The issue lies in our “Homo Economicus” perspective, or the perspective that humans are utility-maximizing individuals who will seek the most reward in a game. In most cases, there are different “rewards” that we all seek other than money. There are social rewards, psychological rewards, and other influences. The foremost influence is the concept of “fairness”. The proposer may seek to maintain his image of being a fair person, and sacrificing his self-character for $100 may not be desirable. On the other end, the responder would seek to punish the proposer if the proposal is unfair. In this case, the responder would rather seek the gratification of punishing his opponent than the meager money they would win.

Factors like culture and upbringing all come to bind people to act in altruism or vengeance despite rationality. But this is for a good reason. There are more long-term games we must prioritize over short-term gratification. Sure, we could exploit our peers, our coworkers, or our teammates to gain a competitive edge. And sometimes, the victim might not be in a position to act in his or her best interest. But often, people act irrationally, and if we play selfish short-term games often enough, we will find many enemies waiting and willing to bring us down.

On the other hand, selfless short-term acts of kindness or generosity can pay us back. Even when the other person doesn’t have to pay us back, they often will in order to be fair. Fostering good-will and support from others by losing the short-term game can help us in the long run. There is a reason why most cultures possess the same or similar notions of fairness. That’s because we evolved to be fair to one another in order to survive. A tribe of selfish humans can never collectively survive in the wilderness. A company that works its employees like dogs will find its short-term income rising but its talented workers leaving and productivity decaying. Humans aren’t 100% rational, but it's only because all the rationality in the world cannot outweigh friends, family, coworkers, and allies.

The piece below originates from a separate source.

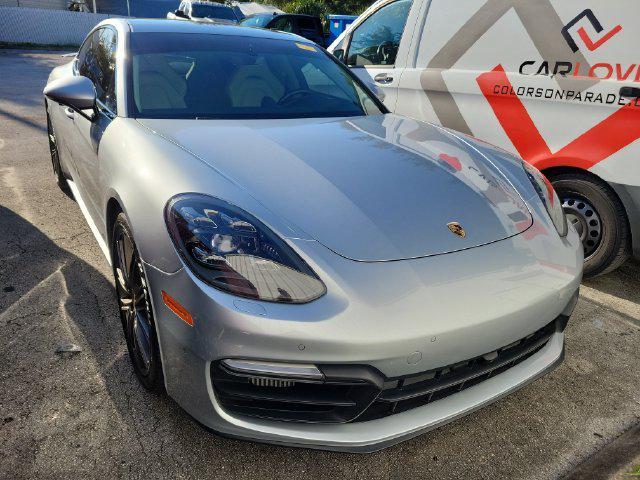 2019 Porsche Panamera GTS — photo 1 of 4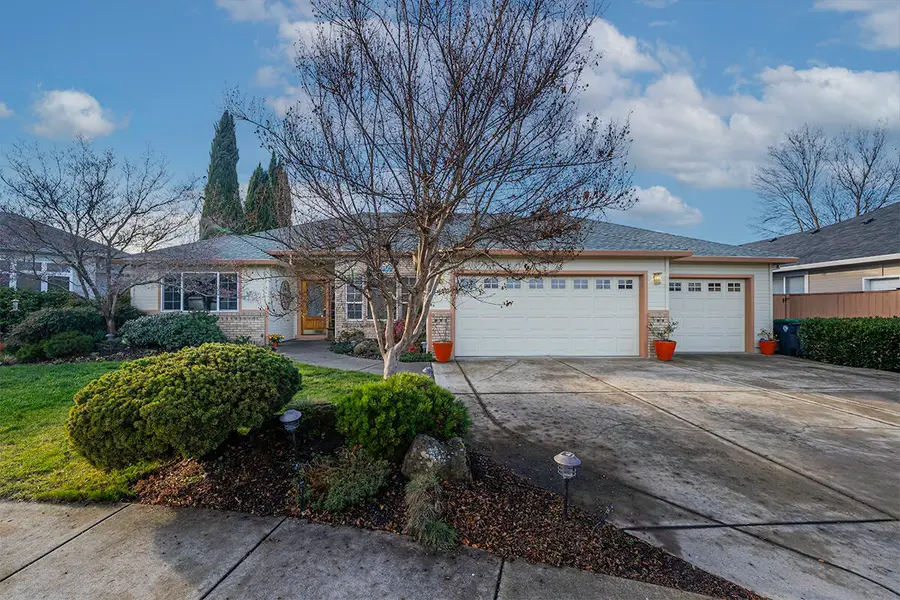 3418 Blue Blossom, Medford, OR 97504 - Image #3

To conclude, we ought to change our perspective on mankind and revise the idea that every consumer or entrepreneur plays rationally in the free-market. There are often higher goals than short-term monetary gain that some companies play, and figuring out that higher game can be important. And most importantly, we should seek to play that higher game and learn to recognize the deeper motivations of people. Through this, we can better understand how to cooperate with others, work effectively, and accomplish more than we could on our own.